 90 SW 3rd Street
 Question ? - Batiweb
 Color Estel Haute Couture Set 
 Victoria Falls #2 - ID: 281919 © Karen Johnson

YOUR TASK
Where the line containing "Color Estel Haute Couture Set" appears, begin a word-for-word copy and carry it through the last line of the listing, leaving out all other lines.

EXERCISE RESPONSE
 Color Estel Haute Couture Set 
 Victoria Falls #2 - ID: 281919 © Karen Johnson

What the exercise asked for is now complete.